When selecting an equalizer, choose the next lower value if the exact value is not available or in
cases where the calculated value makes two choices possible.
Example 2
The BT100 amplifier is used in a link following a fiber node. The fiber receiver output is flat and
connects to the input of the amplifier through 18 dB of cable plus passive loss. Determine which
is the proper equalizer to achieve 11 dB output tilt from the BT100.
Calculate the equalizer value using the following equation:
SLOPEeq = TILTout + SIGlo – SIGhi – SLOPEieq
where: SLOPEeq = required SFE-100-* slope
TILTout = required amplifier output tilt
SIGlo
= signal input level at 54 MHz (channel 2)
SIGhi
= signal input level at 1 GHz
SLOPEieq = interstage equalizer slope (14 dB)
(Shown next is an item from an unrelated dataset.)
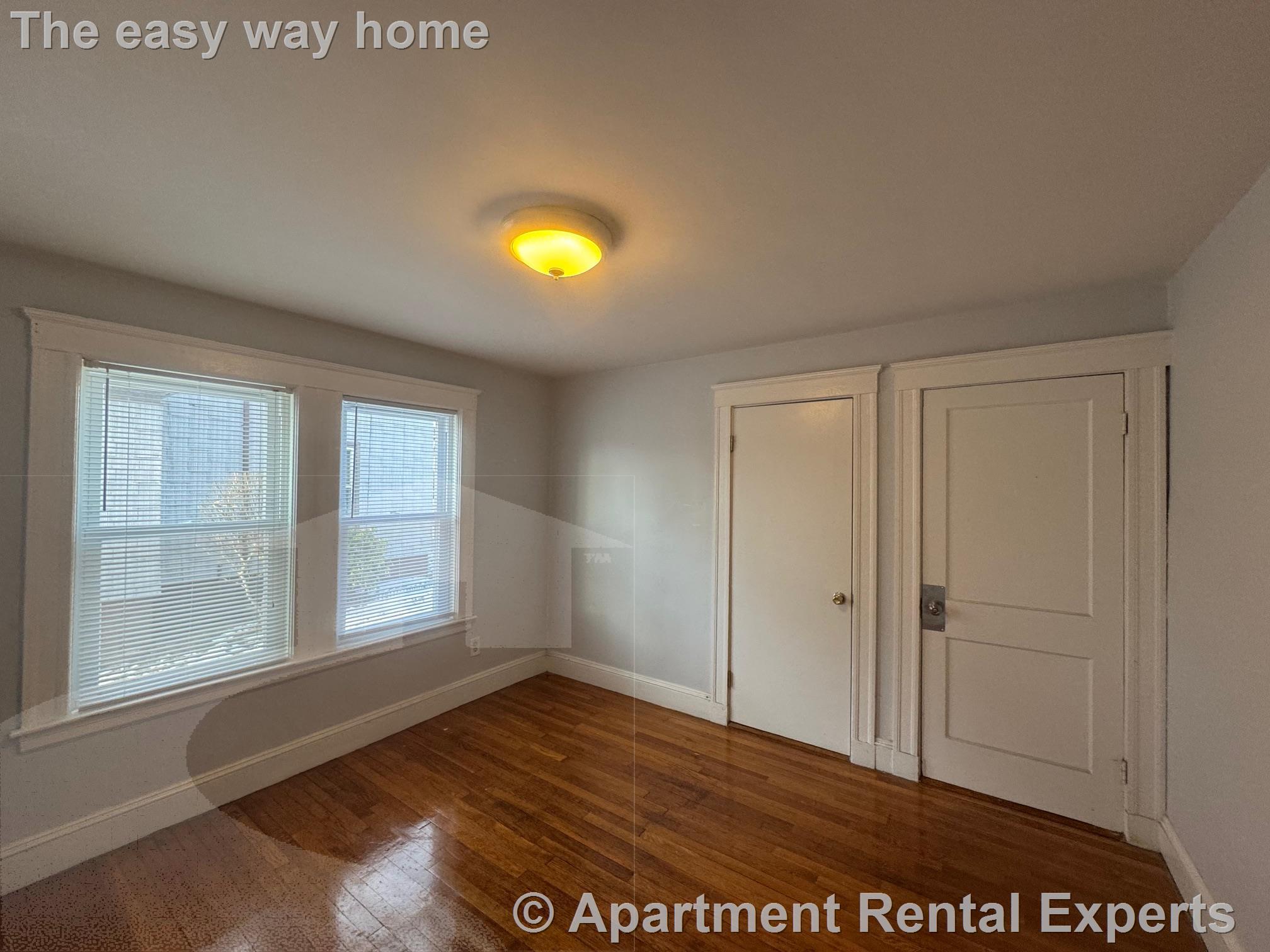 67 Sharon St, West Medford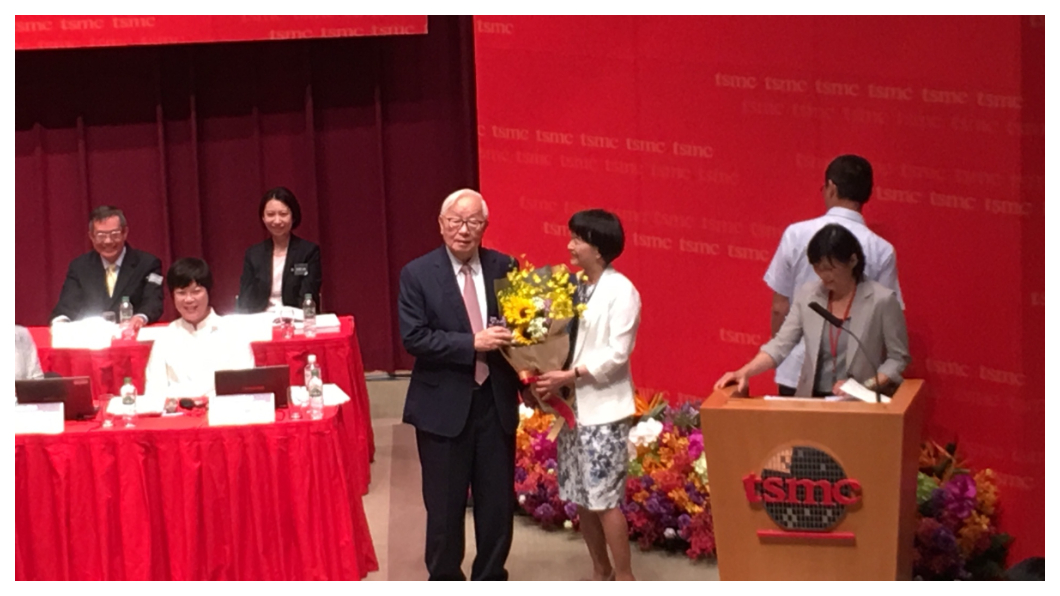 台積電創辦人張忠謀(中間站立者左一)主持最後一場股東會，小股東獻花表達不捨，張忠謀感性表達:「我愛台積，再創奇蹟！」 圖／TVBS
From various references, such as manufacturer’s catalogs, you can determine that at an
operating frequency of 1003 MHz, 18 dB of cable produces approximately 3.6 dB of loss at
54 MHz. This suggests that the channel 2 signal input to the BT100 is 14.4 dB greater
(18
− 3.6 = 14.4) than it is at 1003 MHz. Our example assumes that the high-end frequency level
into the BT100 is
+12 dBmV.
Substituting this information into the above equation provides the following result:
11 dB
+ 26.4 dB − 12 dBmV − 14 dB = 11.4 dB
The slope of the required equalizer is 11.4 dB. Table 3-1 and the graph in Figure 3-1 show that
11.4 dB of slope is caused by approximately 14 dB of cable at 1003 MHz. Therefore the correct
equalizer is model SFE-100-14.
When selecting an equalizer, choose the next lower value if the exact value is not available or in
cases where the calculated value makes two choices possible.